Onlangs passeerde de voorraad de grens van een miljoen, en de hausse duurt voort.

Het aantal balkoncentrales in Duitsland is in de eerste helft van het jaar met meer dan 220.000 toegenomen. Op 30 juni waren er dinsdag 1.009.390 van deze systemen geregistreerd bij het Bundesnetzagentur. Het werkelijke aantal ligt waarschijnlijk iets hoger, aangezien er een termijn van één maand geldt voor late registraties en ondanks de verplichte registratieplicht niet alle systemen geregistreerd zijn.

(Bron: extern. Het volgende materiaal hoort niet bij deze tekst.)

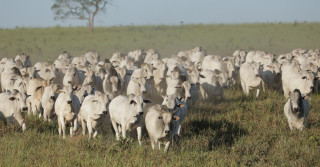 vaqueiro boiadeiro tocando vacas vacada nelore - nelore grupo costa - 2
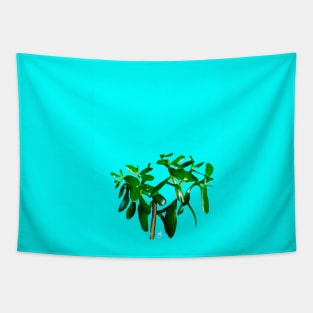 Good Luck Succulent Tree on Sky Blue Tapestry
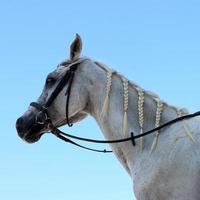 cheval sur ciel bleu photo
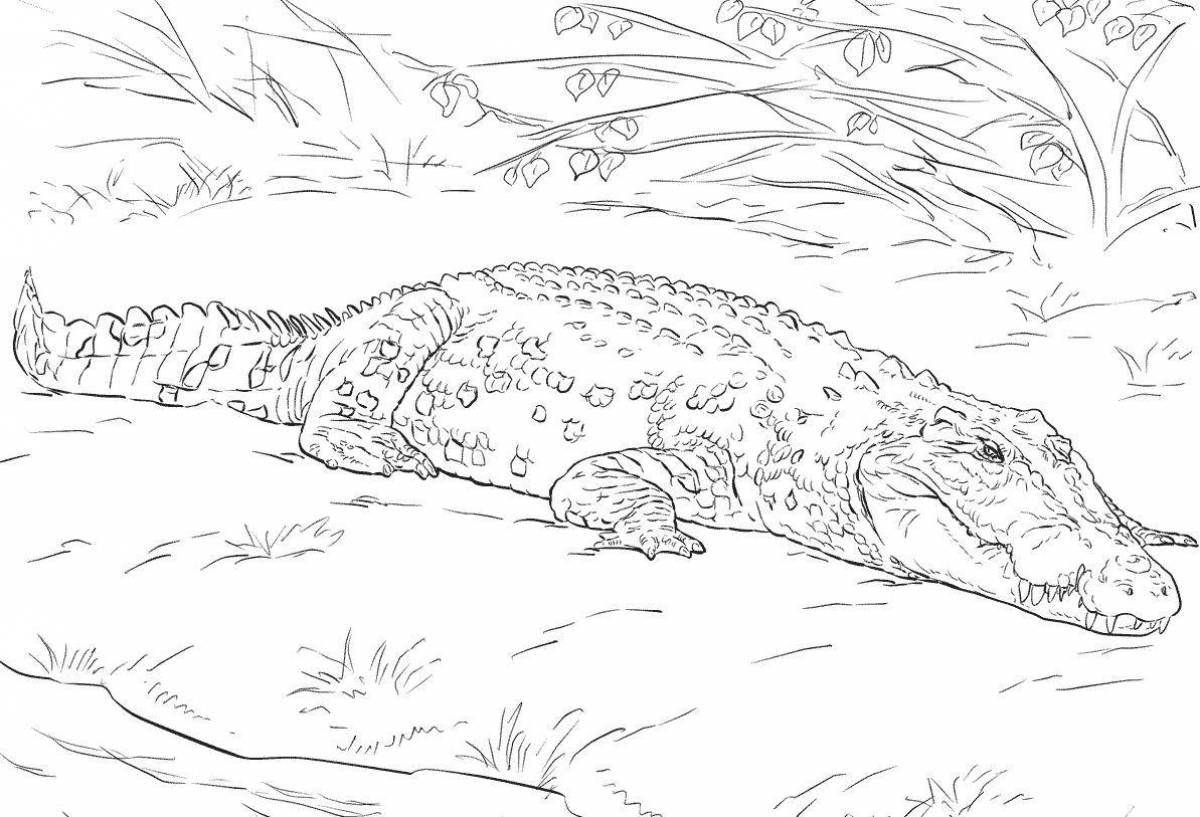 Раскраска живой крокодил антистресс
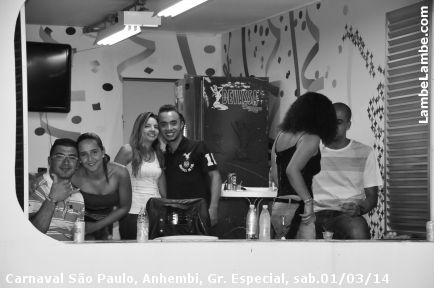 LambeLambe.com - Carnaval de So Paulo, Anhembi 2014, Grupo Especial, sbado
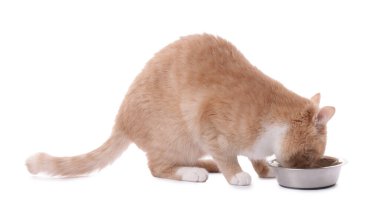 Sevimli kızıl kedi beyaz arka planda evcil hayvan maması yiyor.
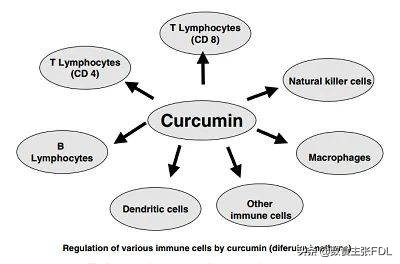 姜黄素市场前景及提取方法简析,植物原料化妆品前景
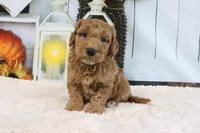 Fido, a male Miniature Goldendoodle for sale in Baltic, OH – 1 of 4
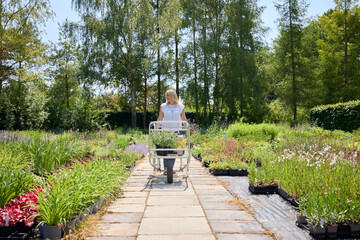Mature Woman Customer Pushing Trolley In Garden Centre Choosing Plants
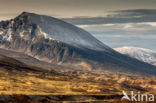 Rondane National Park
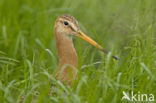 Grutto (Limosa limosa) 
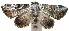  ( - 11-SRNP-102772)  @14 [ ] CreativeCommons - Attribution Non-Commercial Share-Alike (2011) Daniel H. Janzen Guanacaste Dry Forest Conservation Fund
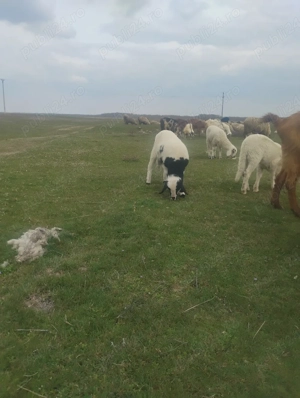 Vand miei  - imagine 4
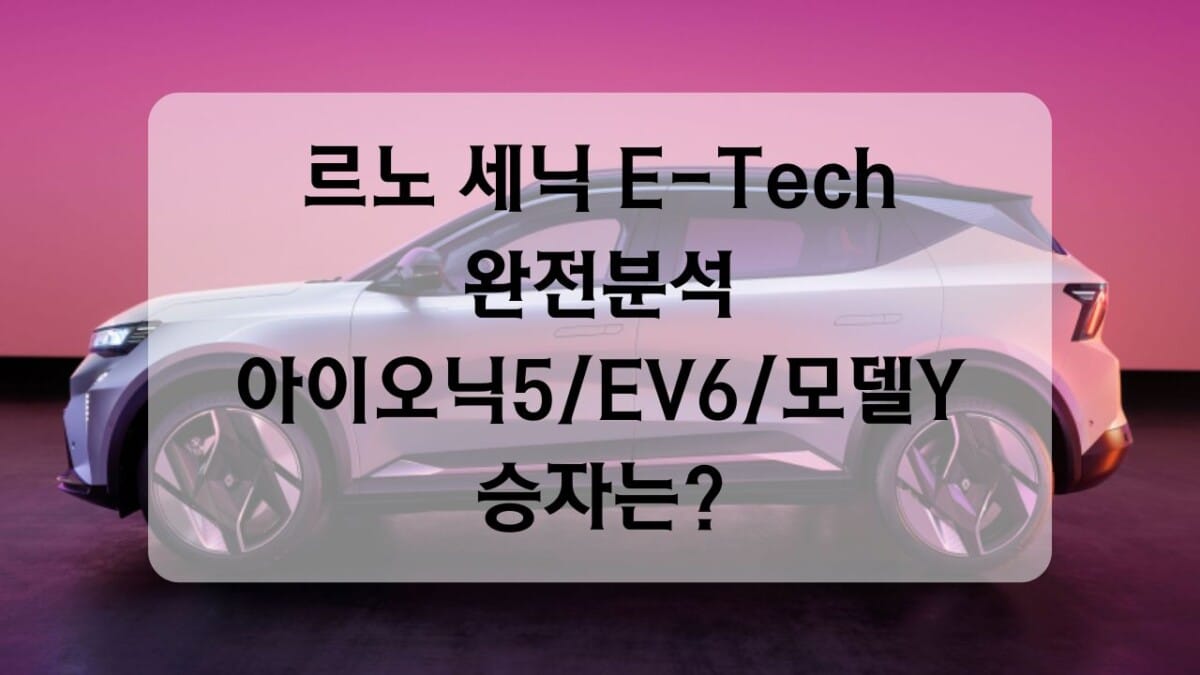 르노 세닉 완전분석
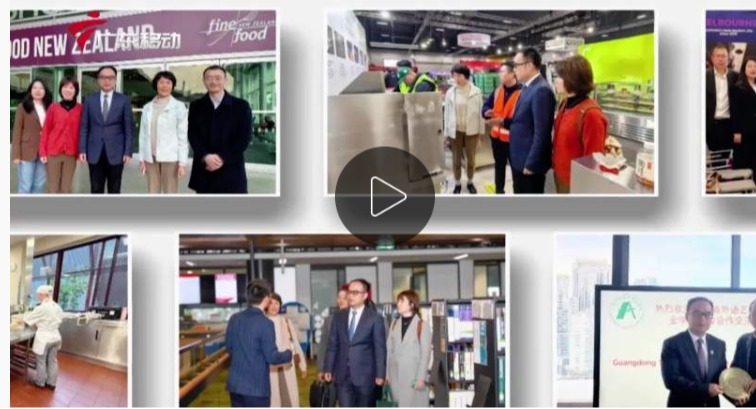 金鼎娱乐最新官方网址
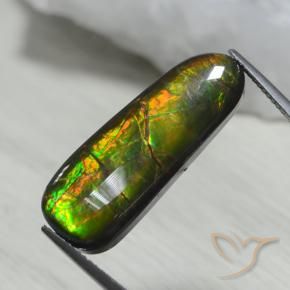 amolita Multicolorido Natural 13.66ct, Chique, Opaco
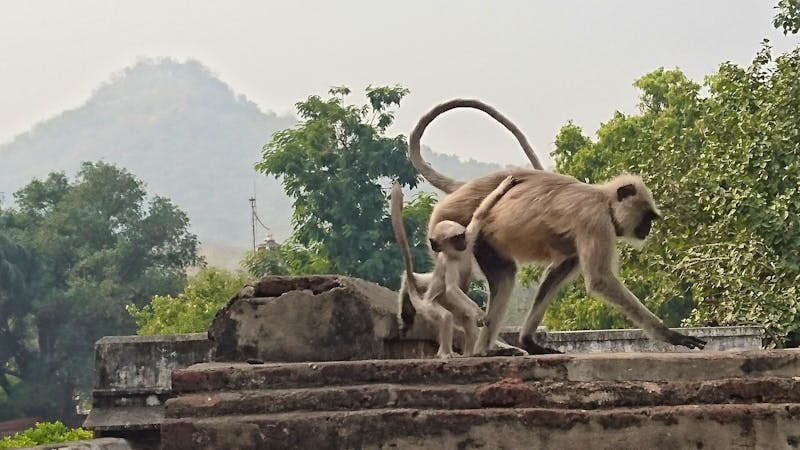 Affen in Ranakpur - ©Stefan Jahnke (Eberhardt TRAVEL)
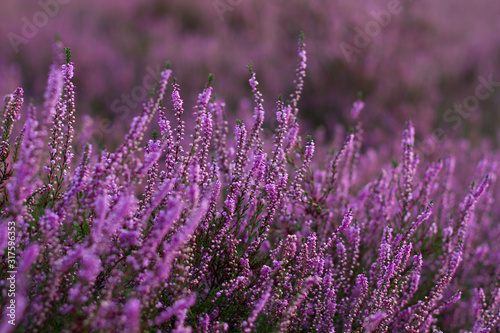 Closeup of a heath plant (calluna vulgaris) in full blossom with more plants blurred in the background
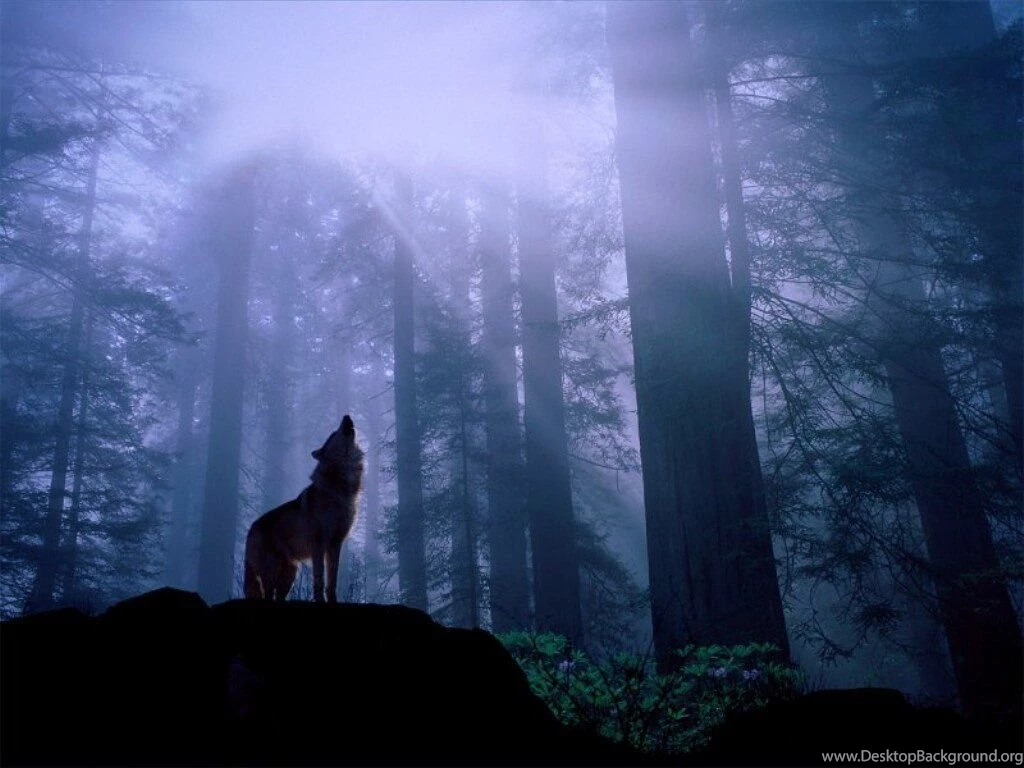 Warming Up For The Night's Howl, Gray Wolf, Wallpapers Metal ...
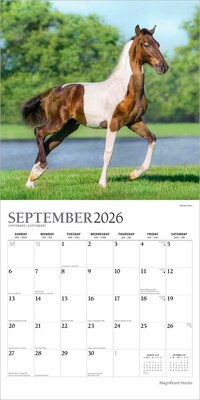 2026 Plato Magnificent Horses 12" x 12" Monthly Wall Calendar (9798330706846)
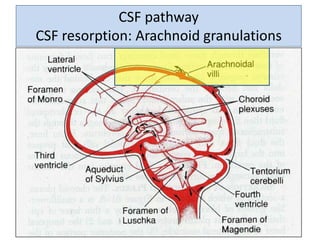 CSF pathwayCSF pathway
CSF resorption: Arachnoid granulations
 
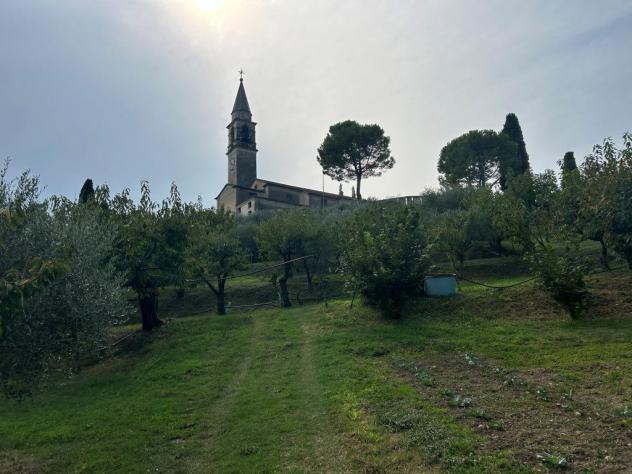 Uliveto in vendita a Castegnero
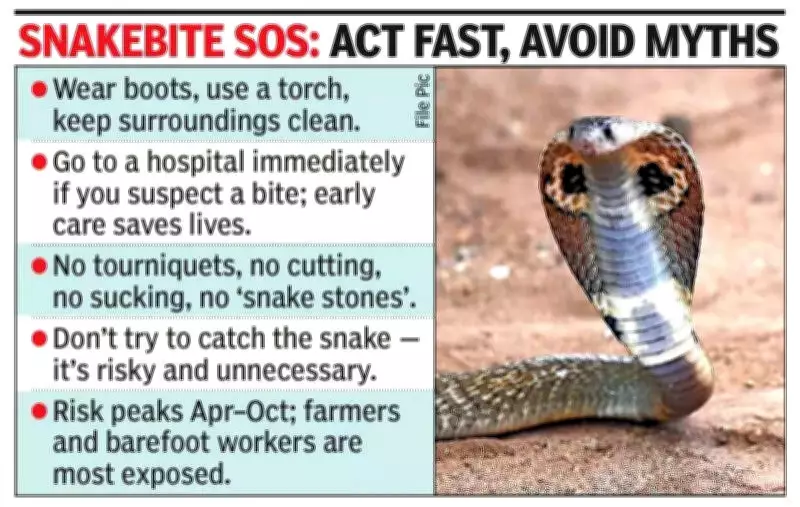 Snakebite Crisis in Coastal Karnataka: Doctors Warn Against Myths and Delays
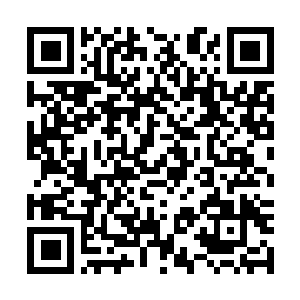 Lien vers votre campagne QRCode - Collecte de fonds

De groei in de eerste helft van het jaar ligt daarmee ongeveer op hetzelfde niveau als vorig jaar. Ook Carsten Körnig van de Duitse branchevereniging voor zonne-energie ziet vooralsnog geen significante vertraging: "Plug-in zonne-energie-apparaten blijven enorm populair. We verwachten dat de vraag hoog blijft", zegt hij. De belangrijkste factoren zijn de wettelijke vereenvoudigingen die de vorige federale regering heeft doorgevoerd, evenals de recente prijsdaling van de systemen.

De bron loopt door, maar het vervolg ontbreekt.